A Esclerose Múltipla (EM) é uma doença crônica, inflamatória, e degenerativa que mais frequentemente afeta o Sistema Nervoso Central (SNC). Afeta com maior incidência o gênero feminino, e surge mais frequentemente no jovem adulto (entre os 20 e os 40 anos), apesar de nos dias de hoje a EM começa se a manifestar em idades mais precoces e/ou mais tardias.

É uma doença auto-imune na qual o sistema imunitário do homem não tem capacidade de diferenciar as células do seu próprio corpo de células estranhas a ele, acabando por destruir os seus próprios tecidos. O principal alvo deste “ataque” é a mielina, uma camada de gordura protetora das fibras nervosas que auxilia na transmissão de informação ao longo do corpo humano.

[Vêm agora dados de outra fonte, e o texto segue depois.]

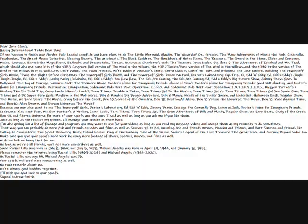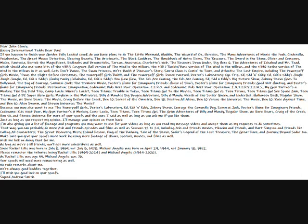Top cat, the most effectual top cat, whose intellectual close friends get to call a T.C., providing it with dignity. Top cat, the indisputable leader of the gang. He's the boss, he's the king, but above everything, he's the most tip-top. Top cat,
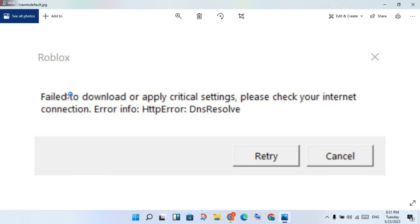Hello guys, welcome to my channel. How to fix Roblox failure to download — the error says 'apply crystal settings, please check your internet connection.' This is the basic error. Follow the steps I will show you.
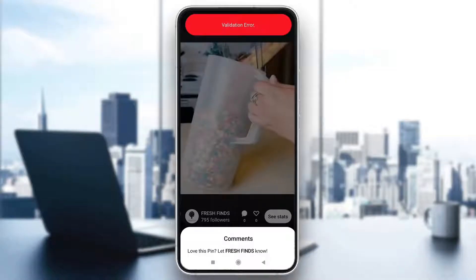Hey everybody, what's up and welcome back to today's video. Today I'm going to go ahead and show you how to fix this error on Pinterest that says 'validation error' when you try to do something. This is a common error that a lot of people get, so I'm going to go through the necessary steps you need to take to get rid of this error and fix it.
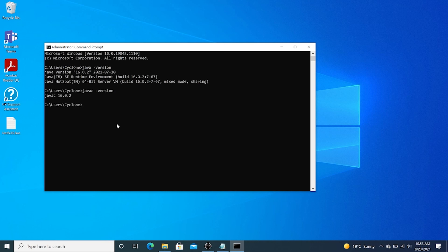Friends, that is how you install the JDK on your machine. Thanks so much for watching this tutorial. We're going to see you in the next tutorial.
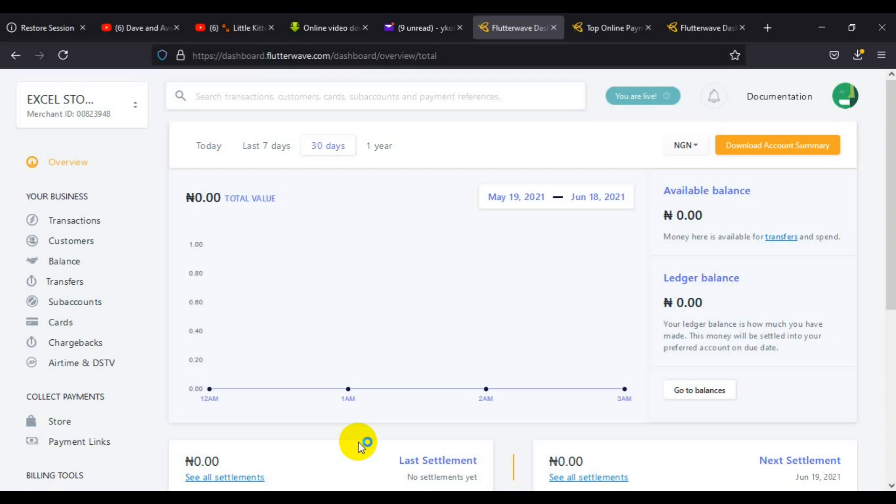You are now in your dashboard fully. You can create a payment link and receive payments any moment from now. Once your verification has been successfully done, Flutterwave will send you a mail that your compliance form has been approved and you can start receiving payments.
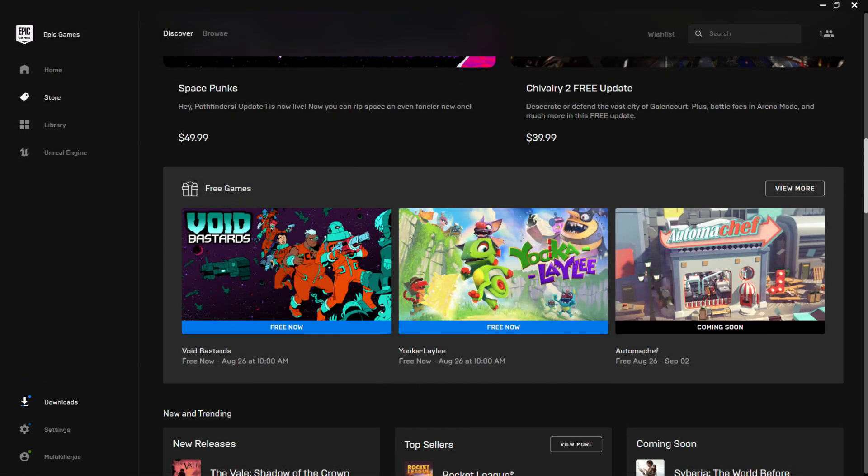Hey you guys and gals. This is Multikiller Joe and today I'm signing in with free weekly epic games. This started August the 19th and will end August the 26th.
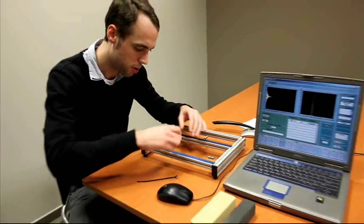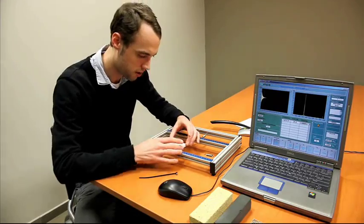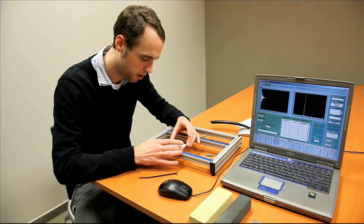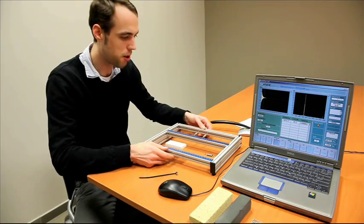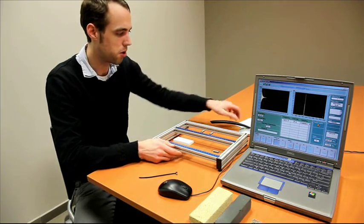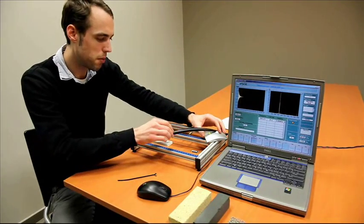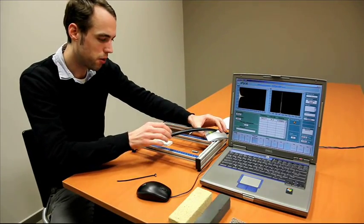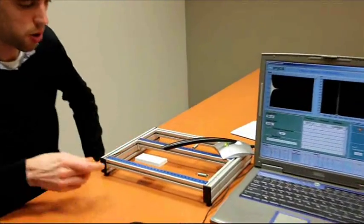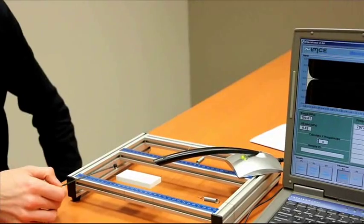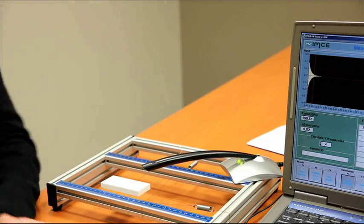Let's change the setup a little bit. We support the sample in a cross, position the microphone in one of the corners, and we are going to tap the sample in the opposite corner.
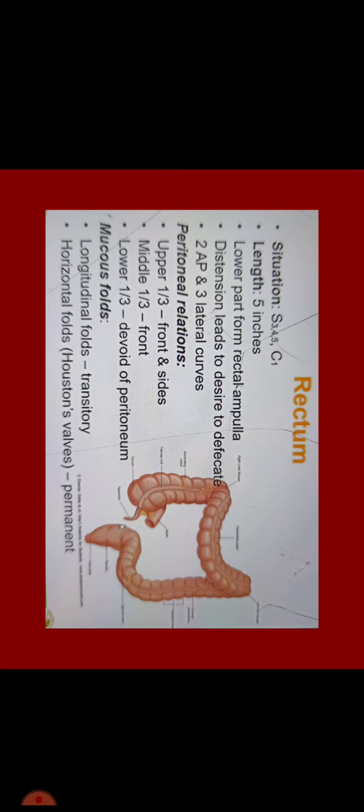Upper one-third, middle one-third and lower one-third. Upper one-third is covered from front and sides. Middle one-third is covered from front. Lower one-third is devoid of peritoneum. It has two mucosal folds. One is longitudinal fold which is transitory. Horizontal fold which is also called Houston's valves which are permanent.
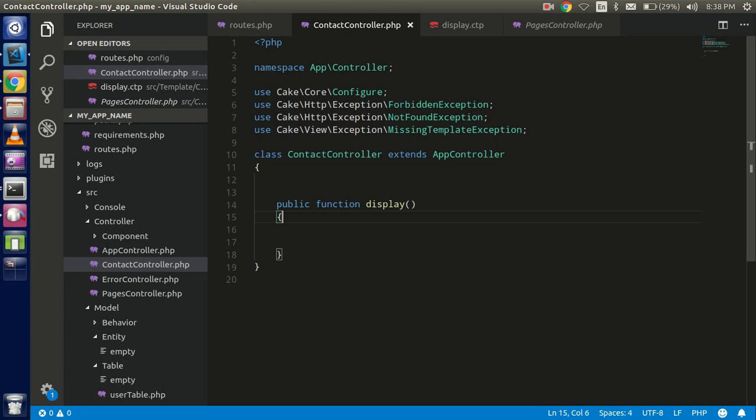Go to the template folder and create a new folder with the same name as the controller — 'contact' — then create the file 'display.ctp' because 'display' is the function name. That is the whole procedure to create the view. Now let's see how we can pass data from the controller to the display.ctp file.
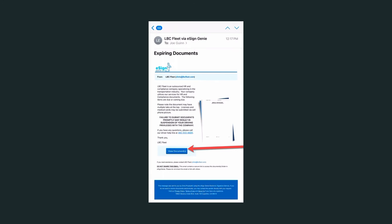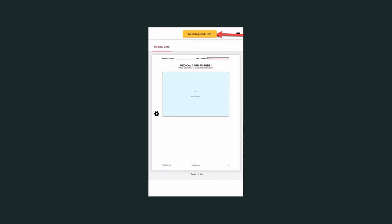Upon opening the email, you will see a blue button in the email body that says view documents. Simply click that and a window will open up in your web browser on your device with the document that needs attention.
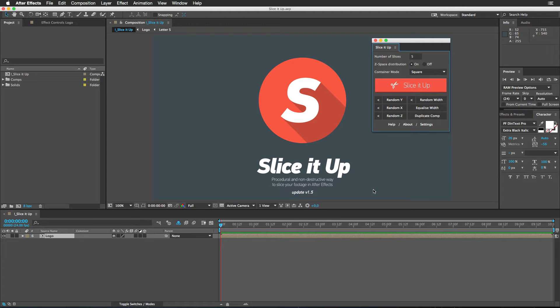Hey, what's up everybody? Render Tom here with some cool new features for Adobe After Effects script Slice It Up.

Quando ocorre um “surto”, formam-se cicatrizes endurecidas que se agrupam formando as conhecidas “escleroses” ou também denominadas “placas”. São afetadas inúmeras áreas do cérebro e da medula espinhal pelo que se denomina esta doença de Esclerose Múltipla.

 

Prevalência da EM.

Em todo o mundo estima-se que existam 2 milhões de pessoas portadoras de EM. O aparecimento desta doença surge independentemente do local onde se habita, da raça ou idade, contudo são os fatores ambientais e hereditários, importantes para a sua manifestação. Mais frequentes em mulheres à excepção da EM tipo Primária-Progressiva em que a prevalência é semelhante em homens e mulheres.

Em termos geográficos podemos dizer que a EM tem uma incidência elevada (>30 casos por 100.000 habitantes) em grande parte da Europa, Rússia, Canadá, norte dos EUA, Sudeste da Austrália e Nova Zelândia;
Uma incidência média (entre 5 a 30 casos por 100.000 habitantes) a sul dos EUA, em grande parte da Austrália, África do Sul, Sul do Mediterrâneo, Sibéria, Ucrânia e certos locais da América Latina.

Uma incidência baixa (5 casos por 100.000 habitantes) na maior parte do continente Asiático, Africano e na zona Norte da América do Sul. O seu diagnóstico é mais frequente por volta dos 30 anos de idade, podendo surgir em crianças e idosos  com menos incidência.